La sindrome, neanche a dirlo, è più frequente nelle città con maggiori capolavori artistici. Firenze, ad esempio, fu fatale a Stendhal. Tanto che la patologia è definita anche sindrome di Firenze: “Vedi Napoli e poi muori”, passando agli Uffizi svieni. Potremmo sintetizzare così una questione molto più ampia, che ha trovato riscontro negli scritti della psicologa Magherini: “La sindrome si manifesta più facilmente in quegli individui che hanno molta sensibilità, che si lasciano facilmente suggestionare e che sono dotati di tanta immaginazione. E difatti durante le crisi prendono anima profonde vicende della realtà psichica fino a riattivare la vitalità della personale sfera simbolica. Il viaggio diviene anche, nelle tanto attese soste nelle sognate città d’arte, un’occasione per meglio conoscere sé stessi”.

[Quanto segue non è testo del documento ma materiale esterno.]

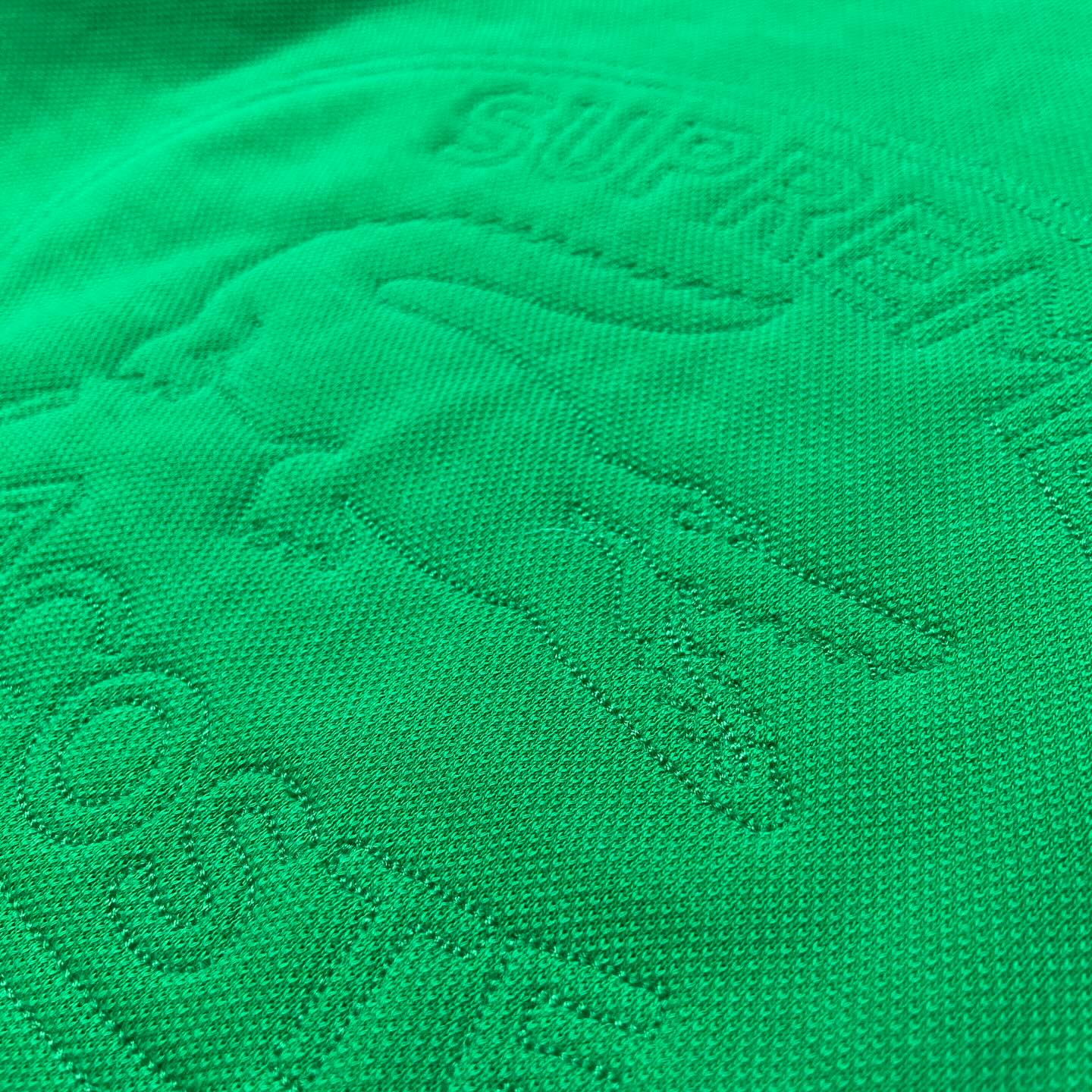 Supreme x Lacoste Pique Crewneck Kelly Green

Da tempo si parla di “turismo dell’anima”, perché si riflette e si indaga su come una patologia del genere possa colpire in maniera così eterogenea e inaspettata. Inoltre è democratica e soggettiva, proprio come la bellezza e l’arte, può verificarsi in molteplici forme e modi. In maniera sempre diversa, a seconda dell’individuo. Chi viene colpito dalla sindrome di Stendhal non gode più delle emozioni che le opere d’arte, i capolavori artistici, gli possono offrire. Cade, invece, tristemente preda a stati d’angoscia, prestando il fianco a difficoltà nella gestione delle proprie emozioni che non fanno parte del proprio “io più interiore”. Ci sono tre fattori principali che prendono forma – è il caso di dirlo – parallelamente sino a convergere: il viaggio, per quanto può essere perturbante, la bellezza delle opere d’arte e il proprio vissuto. La sindrome di Stendhal è l’intersecarsi di variabili impazzite, alimentate da un solo motore: la curiosità, capace di stravolgere equilibri col fascino dell’imprevisto.